In-person, same-air is objectively different experience from a video or audio call—higher bandwidth, unmediated, spontaneous, visceral… not something one can “get out of” as if it was just a habit.

Perhaps some find IRL distracting, so they suffer less and have easier time compensating for the difference between in-person and remote. Meanwhile, some others are good communicators who thrive with and make the most out in-person, and for them it’s more of a challenge to WFH. I personally suspect many of those who want to WFH are naturally not that great at remote communication without realizing so.

I personally had insightful office conversations that started as tangents from semi-idle chance chats and would be impossible remotely, since in an online meeting you must be mindful of others’ time because you don’t know how busy they are (IRL you can sense if a person would rather be doing something else, but you know it can be perfectly faked remotely—so you will never have a chance convo; meetings must have agendas—culture!—and once the agenda is over, everyone gets to be free). Such random conversations can easily alter the course of whole projects.

I don’t see WFH vs. RTO as a black-and-white, high culture vs. lack of culture, good vs. evil sort of battle; more like people have different natural tendencies, life circumstances, desires, and everyone wants it to work best for them.

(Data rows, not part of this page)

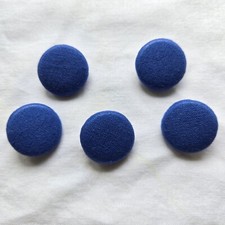 5 boutons recouverts bleu en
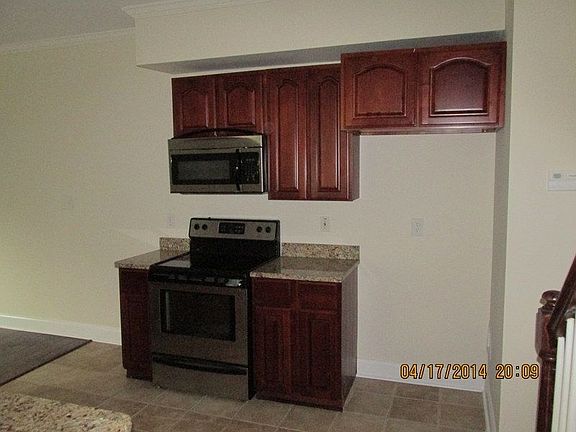 3rd image of 6300 Belmont Park Dr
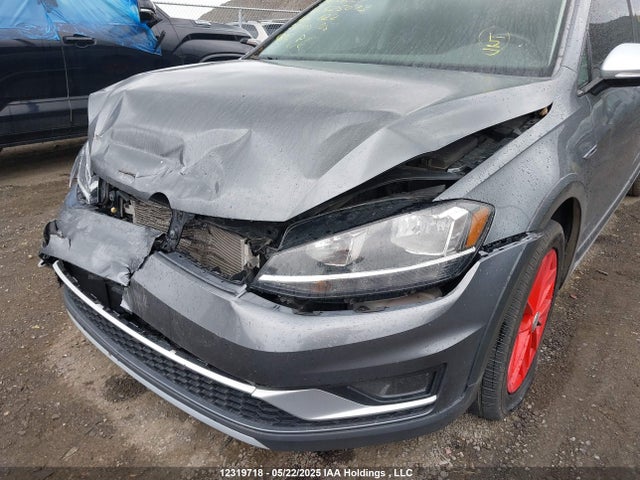 3VWM17AU1KM525073 Volkswagen Golf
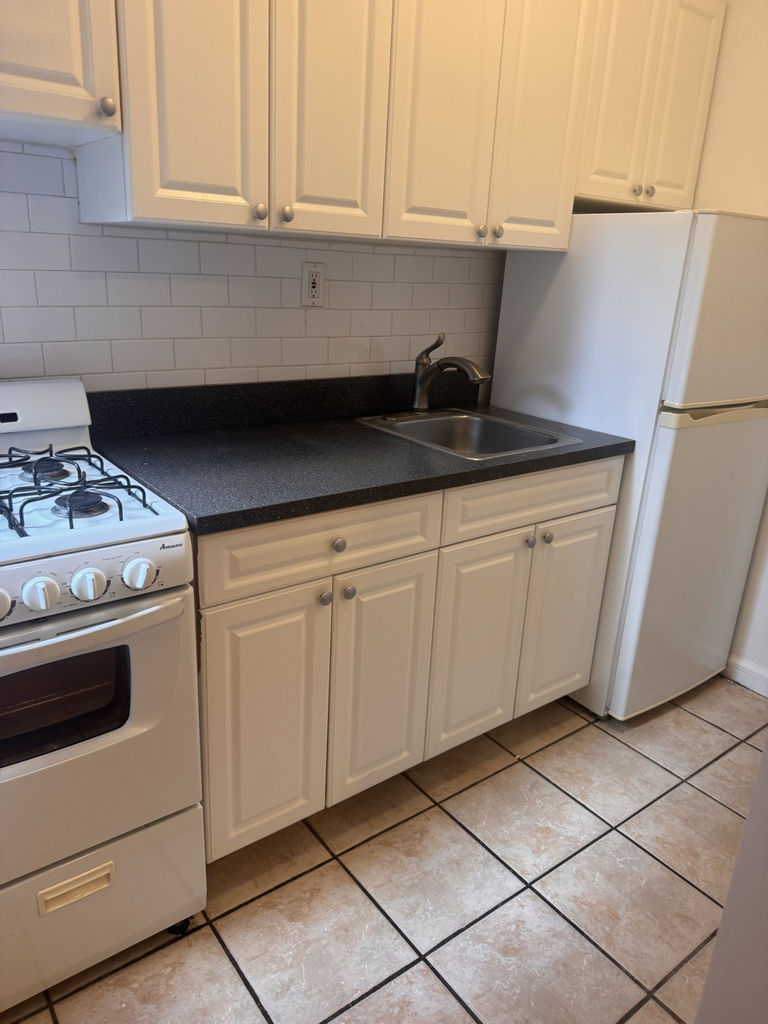 East 82nd Street and York Avenue - Photo 3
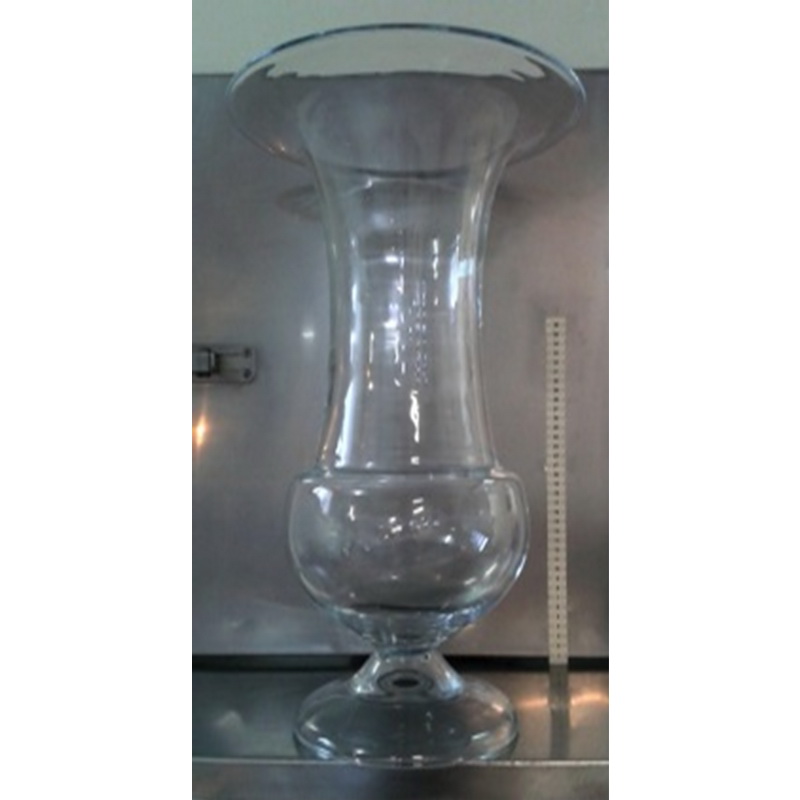 Vase sur pied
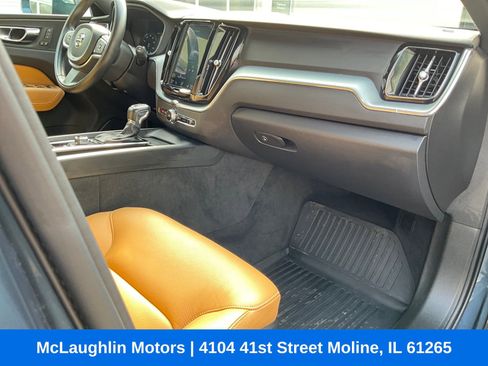 Used 2018 Volvo XC60 T5 Momentum w/ Convenience Package image 8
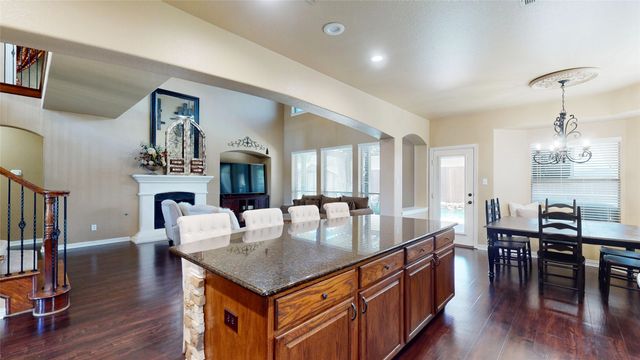 1736 Lewis Crossing Drive, Keller, TX 76248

Yeah we didn't even have that one button integration until 2019 and it didn't work well and the mics were all broken. They started leaving usb jabra mics in the conference rooms to supplement the very expensive cisco setups. That's mainly fixed now.

Interesting on the hallway conversation thing. I have no idea how I'd handle that.

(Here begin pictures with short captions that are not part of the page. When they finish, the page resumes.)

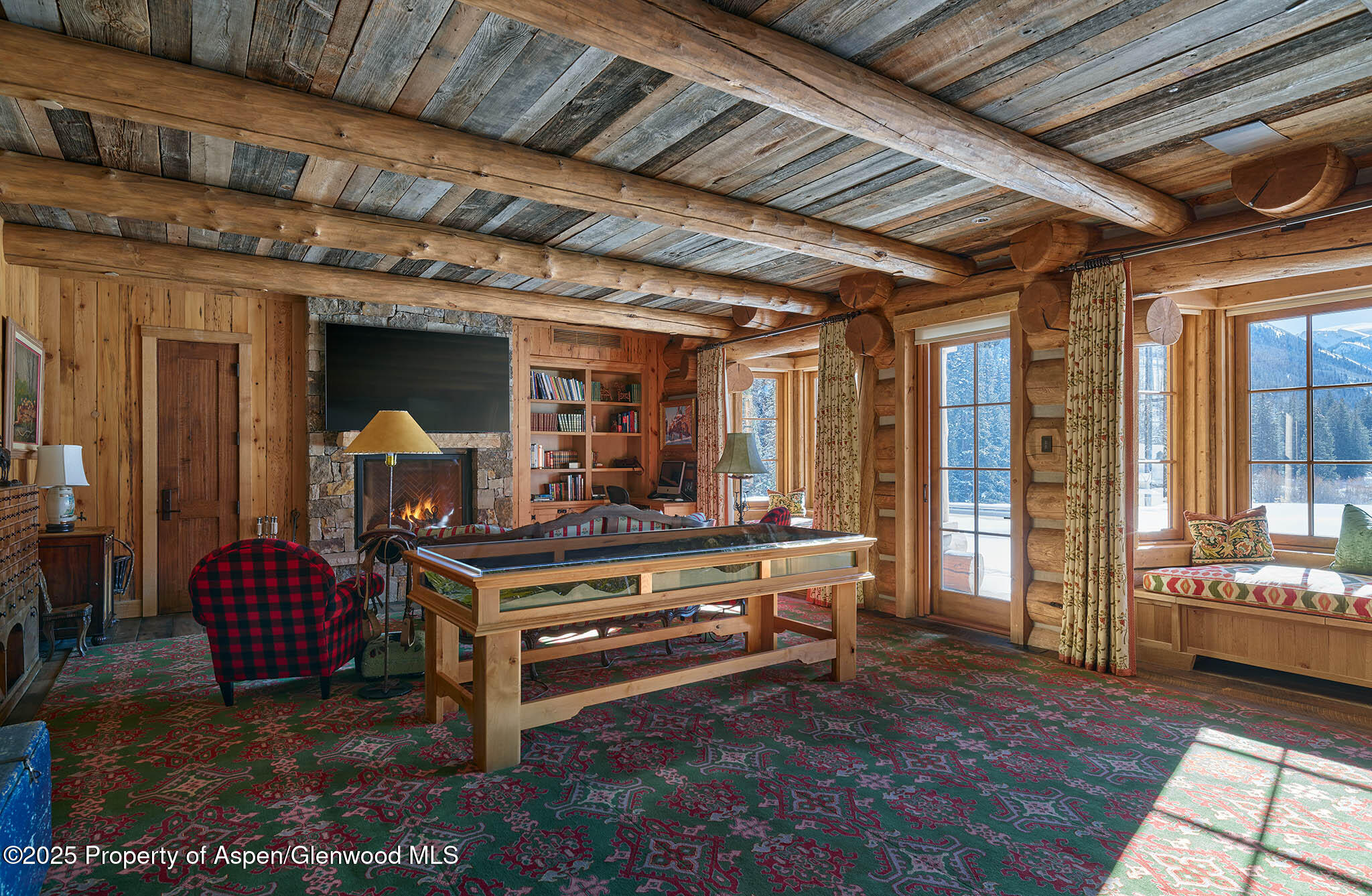 125 Rooney Circle Aspen, CO 81612 - Photo 27 of 57 Family room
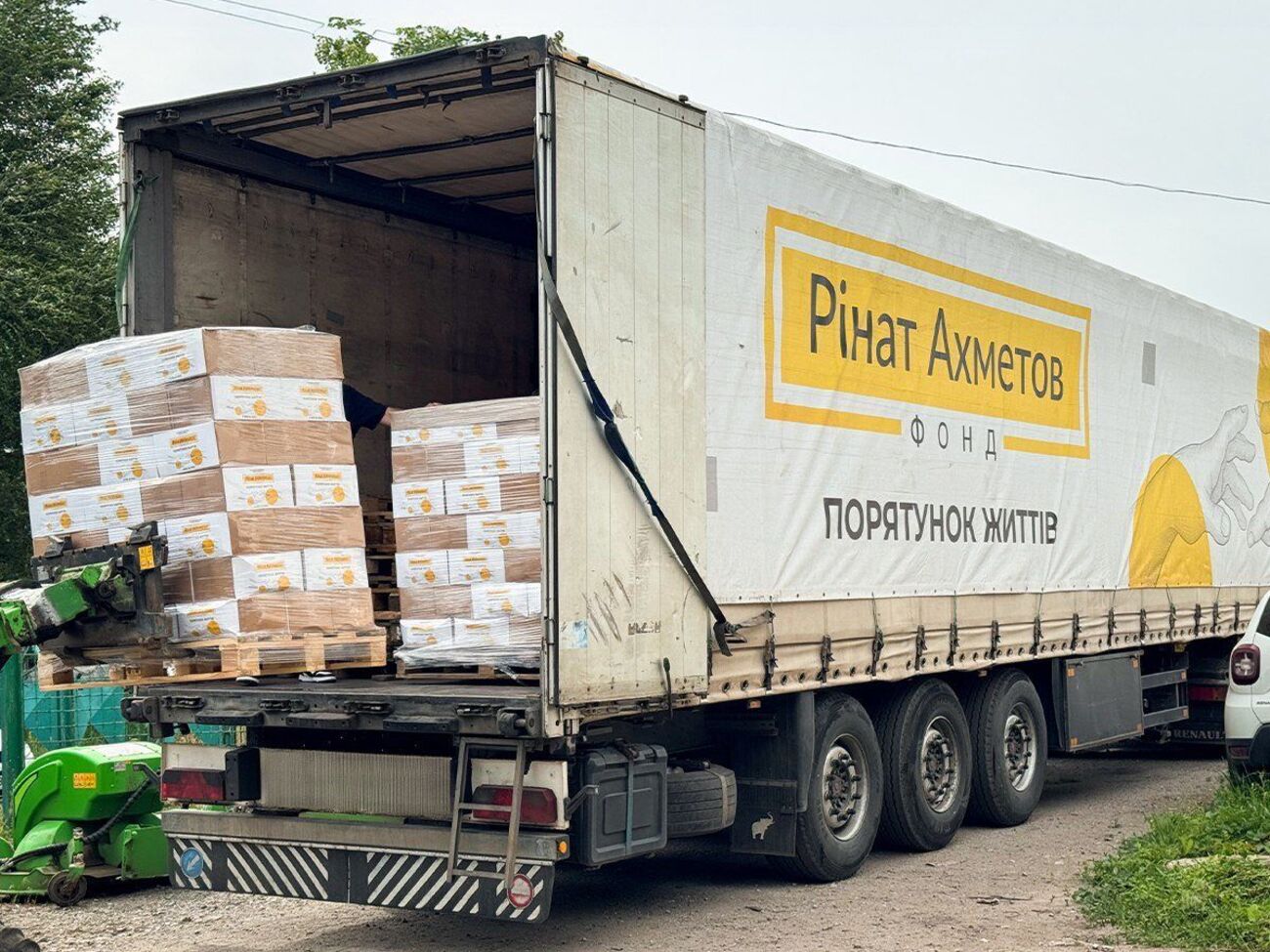 Помощь от Фонда Рината Ахметова переселенцы смогут получить в хабе "С Бахмутом в сердце"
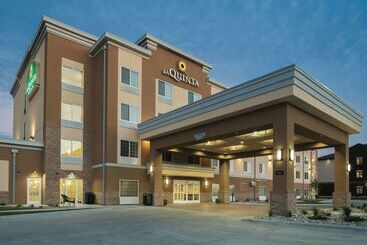 هتل La Quinta By Wyndham Grand Forks
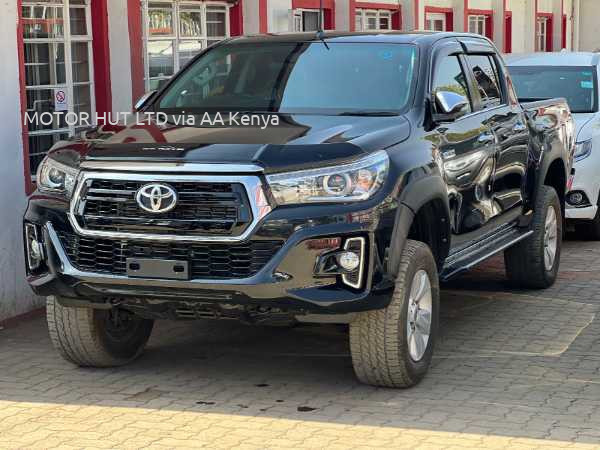 2015 TOYOTA HILUX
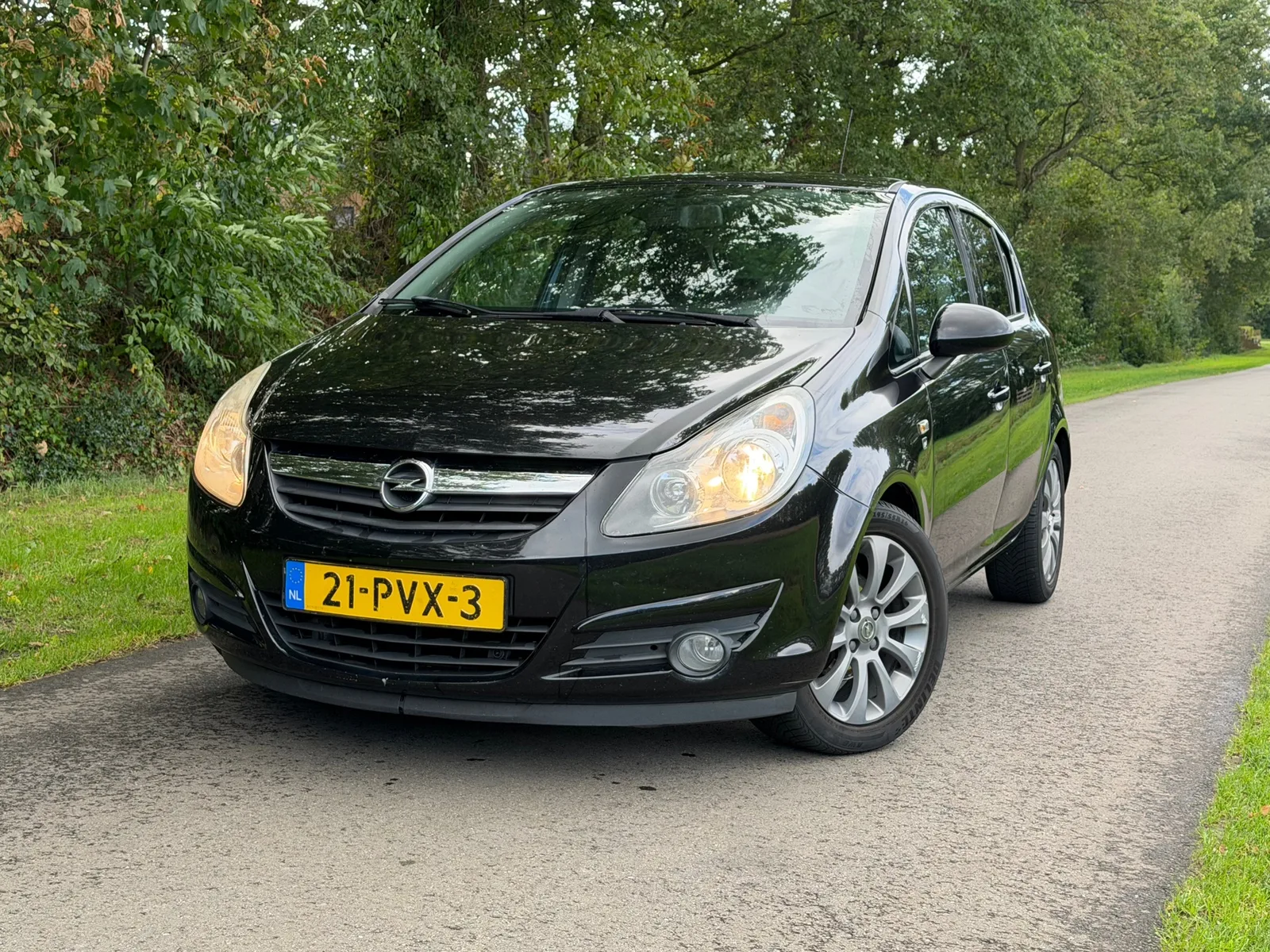 Opel Corsa (2011) — foto 1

Sounds Nice. If my office was within 15 minutes of home I would be there frequently. Dropping in and out for chit chat and activities.

But it isn't.

The only housing within 35 minutes of my downtown office is small, expensive, high-rise apartments and condos. And there literally are not enough of those to serve the abundance of offices in that area, so it is literally impossible to provide even that meager standard to everyone.

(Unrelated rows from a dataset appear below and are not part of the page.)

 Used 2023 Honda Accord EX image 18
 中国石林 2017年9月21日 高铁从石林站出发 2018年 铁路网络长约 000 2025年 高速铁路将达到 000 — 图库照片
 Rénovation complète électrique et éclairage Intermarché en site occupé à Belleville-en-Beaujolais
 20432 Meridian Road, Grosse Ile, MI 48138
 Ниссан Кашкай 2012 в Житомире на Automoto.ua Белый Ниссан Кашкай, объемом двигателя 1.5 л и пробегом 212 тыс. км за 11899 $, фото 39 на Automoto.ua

Similar here, been doing part time remote since '06, full time since '11. There's ups and downs to both sides.

I get "more done" remotely, in that I can usually have more time for deep focus. But then it's harder to get high-bandwidth knowledge transfer sessions, and overhear when someone has some particularly bad ideas (or roads you've already been down, etc).

I think I still prefer the remote side, and it's probably a better deal for the biz, but I would like to spend a few days here and there with like minded people on shared problems.

You probably like people and are comfortable with whatever you excelled at. And you probably don't have an inner voice comically second-guessing everything you are about to say, causing you to act timid and awkward around others.

Qualities missing from most people at the office.

It depends on my mood. Some days I say hi and then only keyboard noise. I probably look like a robot then. Other days may talk more. And second guessing is a thing, but feeling good after social interaction is also a thing...

But it's a small open office. Probably in a big open office it can be worse if many coworkers are distracting. I can see how I would hate that and it would hamper work.

That's totally valid, also. I do sometimes miss the office, particularly from when I worked in a healthy office culture, but would want it to be optional.
You've made a reasonable proposal. But the writer of the blog wasn't offered anything so reasonable and that's why they're mad.
Exactly right, the real title should be "my employer sucks and working conditions are not reasonable".

But no, the writer titled "return to office is bullshit and everyone knows it", which phrased like that is patently false.

Return to office can be a problem if some other conditions are true, like your office sucks, you are made to clock in clock out at inflexible hours, commute is inconvenient, etc. Why not talk about that.